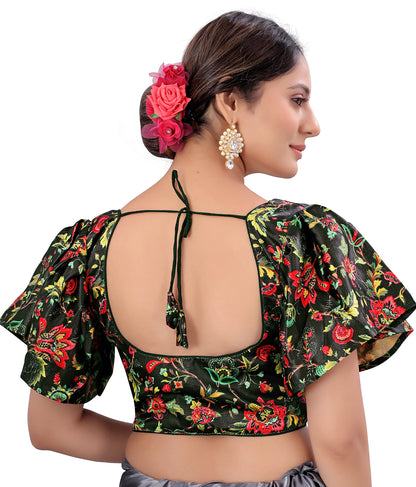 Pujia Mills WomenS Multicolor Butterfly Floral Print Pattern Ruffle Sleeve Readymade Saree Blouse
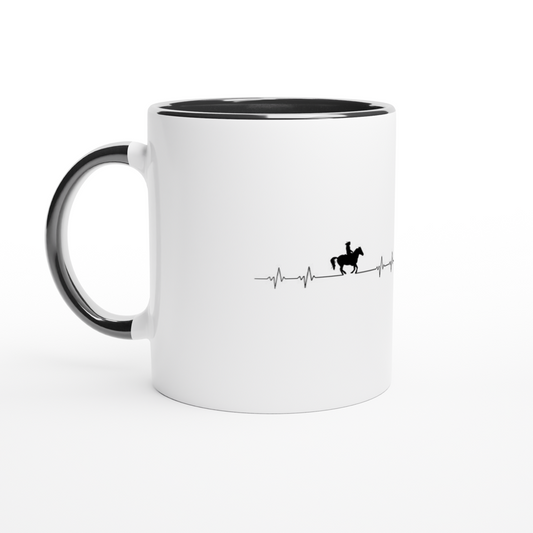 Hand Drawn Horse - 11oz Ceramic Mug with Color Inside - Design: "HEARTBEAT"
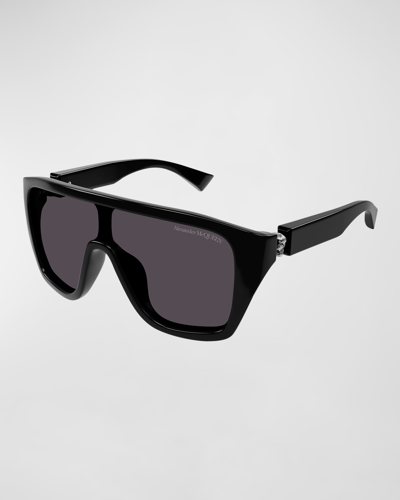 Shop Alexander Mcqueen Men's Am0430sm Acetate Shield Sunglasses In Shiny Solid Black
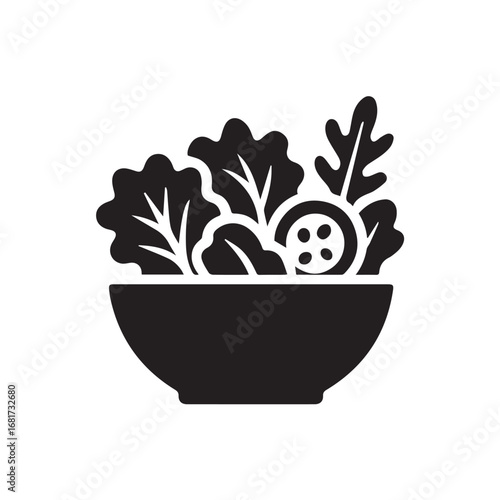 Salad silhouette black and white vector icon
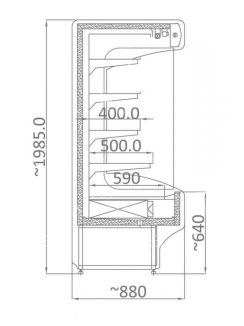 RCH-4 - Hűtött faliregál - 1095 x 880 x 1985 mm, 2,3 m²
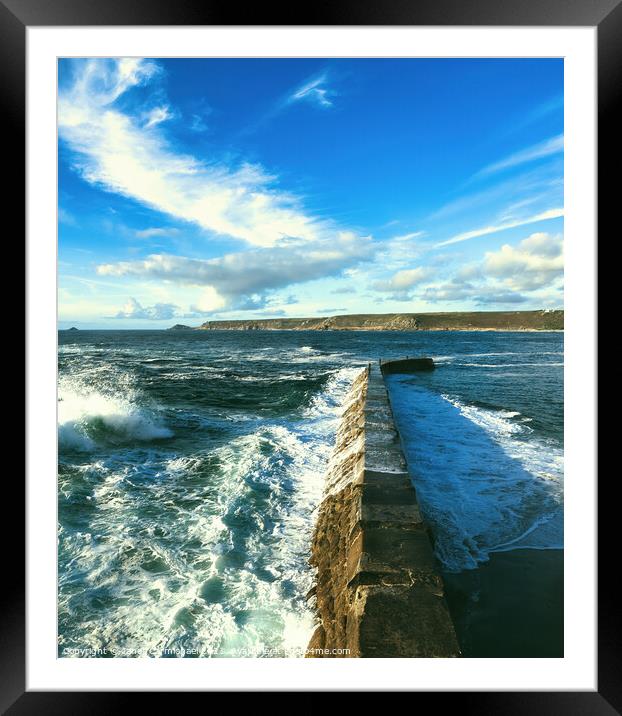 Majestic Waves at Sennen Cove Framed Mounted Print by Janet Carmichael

**Task instructions:** Every record above must be copied exactly; none of the pictures belong in the copy.

**Result below:**
 Pujia Mills WomenS Multicolor Butterfly Floral Print Pattern Ruffle Sleeve Readymade Saree Blouse
 Hand Drawn Horse - 11oz Ceramic Mug with Color Inside - Design: "HEARTBEAT"
 Shop Alexander Mcqueen Men's Am0430sm Acetate Shield Sunglasses In Shiny Solid Black
 Salad silhouette black and white vector icon
 RCH-4 - Hűtött faliregál - 1095 x 880 x 1985 mm, 2,3 m²
 Majestic Waves at Sennen Cove Framed Mounted Print by Janet Carmichael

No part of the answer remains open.